Dataset items
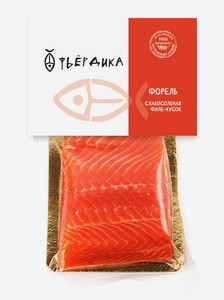 Форель слабосоленая Фьёрдика филе-кусок 150 г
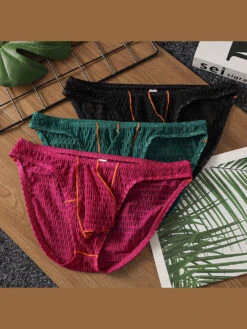 3 Pack Men's Ice Thread Briefs(3 Pack Mens Ice Thread Briefs) 20 3 Pack Men's Ice Thread Briefs(3 Pack Mens Ice Thread Briefs) -Mr Saker 1 7 be612b18 411e 4f80 bef4 9ff06d07c5fb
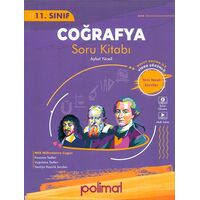 11.Sınıf Coğrafya Soru Kitabı (Kampanyalı) Polimat Yayınları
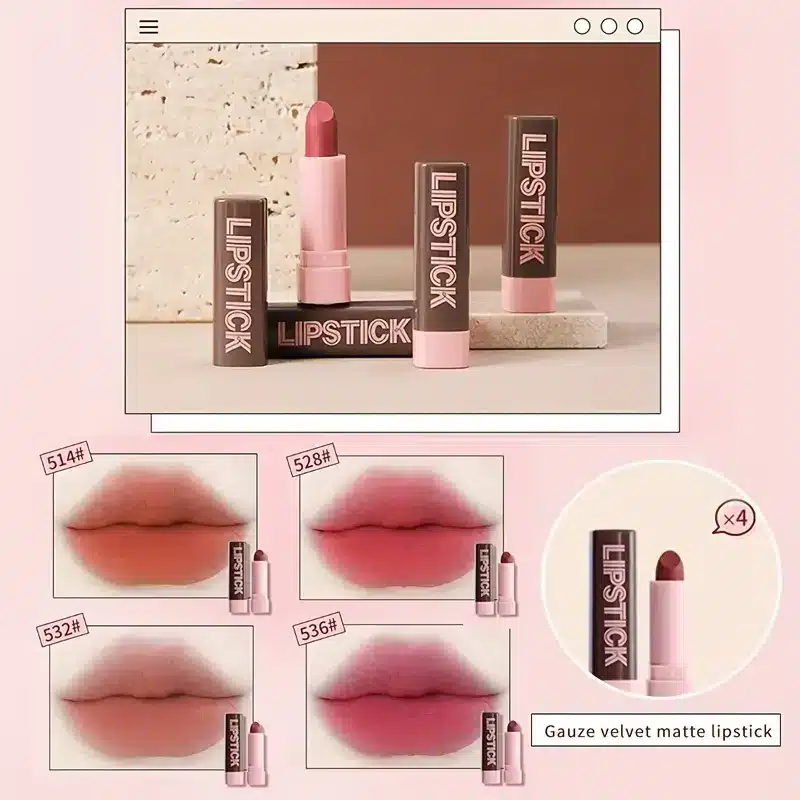 Set de maquillaje VERONNI 9 piezas - Imagen 4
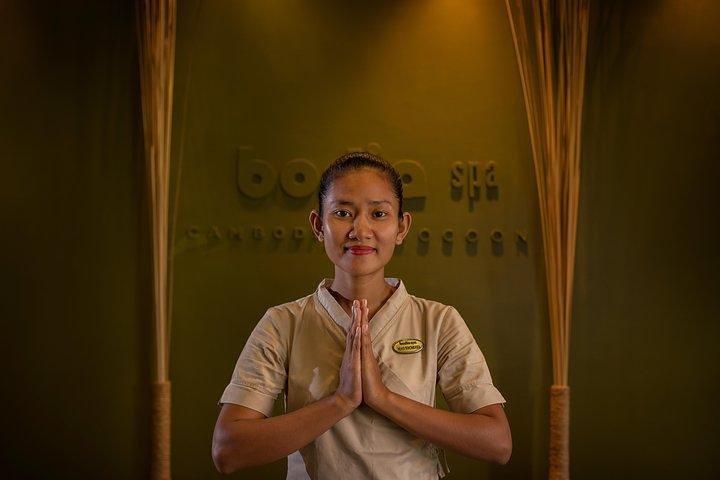 Traditional Bodia Tonic Massage in Siem Reap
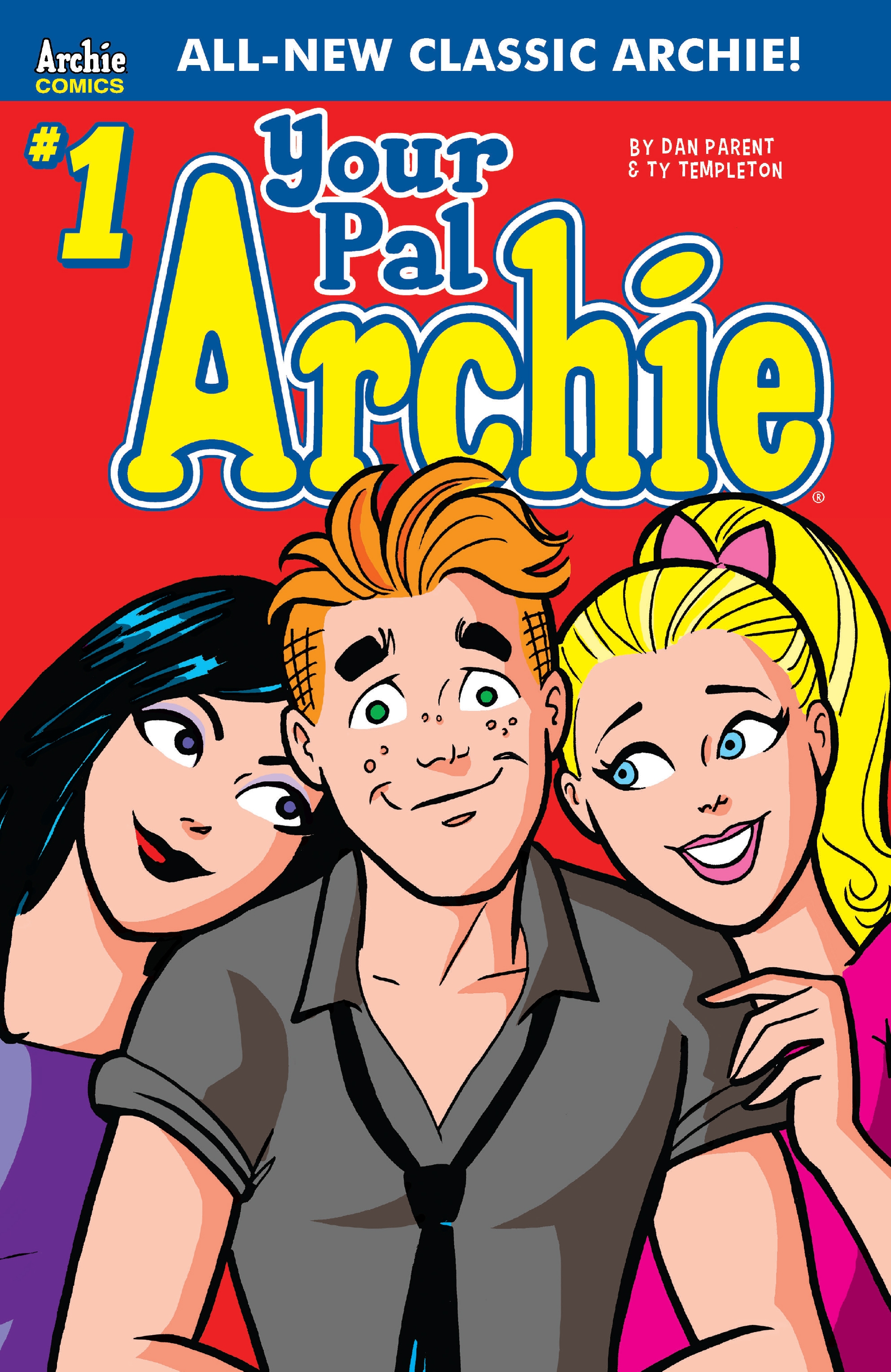 Your Pal Archie (2017): Chapter 1 - Page 1
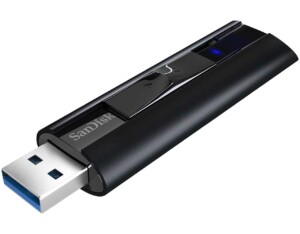 Sandisk Extreme Pro USB 3.2: Extrem schneller USB-Stick als Bootmedium für den Musikserver.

TO DO: A precise copy of each record, with the images removed, should be output.

FINISHED EXERCISE:
 Форель слабосоленая Фьёрдика филе-кусок 150 г
 3 Pack Men's Ice Thread Briefs(3 Pack Mens Ice Thread Briefs) 20 3 Pack Men's Ice Thread Briefs(3 Pack Mens Ice Thread Briefs) -Mr Saker 1 7 be612b18 411e 4f80 bef4 9ff06d07c5fb
 11.Sınıf Coğrafya Soru Kitabı (Kampanyalı) Polimat Yayınları
 Set de maquillaje VERONNI 9 piezas - Imagen 4
 Traditional Bodia Tonic Massage in Siem Reap
 Your Pal Archie (2017): Chapter 1 - Page 1
 Sandisk Extreme Pro USB 3.2: Extrem schneller USB-Stick als Bootmedium für den Musikserver.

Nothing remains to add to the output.